Rating Statistics by Genre:
February 11, 2018: 🌟🌟🌟🌟🌟🌟🌟🌟🌟🌟🌟🌟🌟🌟🌟🌟🌟🌟🌟🌟🌟🌟🌟🌟🌟🌟🌟🌟🌟🌟🌟🌟🌟🌟🌟🌟🌟🌟🌟🌟🌟🌟🌟🌟🌟 | Mean Rating: 19.00
Comics;Creativity: 🌟🌟🌟🌟🌟🌟🌟🌟🌟 | Mean Rating: 4.80
Board;Pretend Play: 🌟🌟🌟🌟🌟🌟🌟🌟🌟 | Mean Rating: 4.80
Health & Fitness;Education: 🌟🌟🌟🌟🌟🌟🌟🌟🌟 | Mean Rating: 4.70
Adventure;Brain Games: 🌟🌟🌟🌟🌟🌟🌟🌟🌟 | Mean Rating: 4.60
Strategy;Action & Adventure: 🌟🌟🌟🌟🌟🌟🌟🌟🌟 | Mean Rating: 4.60
Puzzle;Education: 🌟🌟🌟🌟🌟🌟🌟🌟🌟 | Mean Rating: 4.60
Music;Music & Video: 🌟🌟🌟🌟🌟🌟🌟🌟 | Mean Rating: 4.53
Entertainment;Creativity: 🌟🌟🌟🌟🌟🌟🌟🌟 | Mean Rating: 4.53
Strategy;Education: 🌟🌟🌟🌟🌟🌟🌟🌟 | Mean Rating: 4.50
Arcade;Pretend Play: 🌟🌟🌟🌟🌟🌟🌟🌟 | Mean Rating: 4.50
Tools;Education: 🌟🌟🌟🌟🌟🌟🌟🌟 | Mean Rating: 4.50
Racing;Pretend Play: 🌟🌟🌟🌟🌟🌟🌟🌟 | Mean Rating: 4.50
Casual;Brain Games: 🌟🌟🌟🌟🌟🌟🌟🌟 | Mean Rating: 4.47
Events: 🌟🌟🌟🌟🌟🌟🌟🌟 | Mean Rating: 4.44
Education;Brain Games: 🌟🌟🌟🌟🌟🌟🌟🌟 | Mean Rating: 4.43
Adventure;Action & Adventure: 🌟🌟🌟🌟🌟🌟🌟🌟 | Mean Rating: 4.42
Simulation;Action & Adventure: 🌟🌟🌟🌟🌟🌟🌟🌟 | Mean Rating: 4.42
Word: 🌟🌟🌟🌟🌟🌟

The data shows significant variation in user ratings depending on the genre and the specific category.

**1. Top-rated categories:** Genres like Comics, Creativity, Board Games, Pretend Play, and Health & Fitness consistently received high ratings, averaging around 4.80 or higher. These categories tend to offer interactive and engaging content, which likely contributes to their higher ratings.
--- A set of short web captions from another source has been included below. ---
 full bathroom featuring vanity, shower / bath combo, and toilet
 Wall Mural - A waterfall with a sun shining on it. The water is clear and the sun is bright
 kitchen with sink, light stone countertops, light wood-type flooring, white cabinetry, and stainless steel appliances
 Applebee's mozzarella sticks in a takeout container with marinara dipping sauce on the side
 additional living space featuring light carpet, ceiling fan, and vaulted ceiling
For example, Comics and Creativity appeal to users' need for entertainment and self-expression, while Health & Fitness resonates with individuals looking to improve their well-being.

**2. Highly rated sub-genres:** Many genres, such as Puzzle, Education, and Strategy, maintain high ratings of around 4.60 to 4.50, indicating that users value apps that are both challenging and educational. For instance, Puzzle games not only entertain but also encourage critical thinking, which may explain their popularity.
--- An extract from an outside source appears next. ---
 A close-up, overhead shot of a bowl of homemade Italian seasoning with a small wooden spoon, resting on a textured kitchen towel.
**3. Slightly lower-rated categories:** On the lower end, genres like Dating, Health & Fitness - Action & Adventure, and Parenting show ratings below 4.00. These categories may reflect niche markets with more specific user needs or expectations, which could contribute to less overall satisfaction. In the case of Dating apps, users may have higher expectations, given the personal nature of these apps, which can lead to more critical feedback.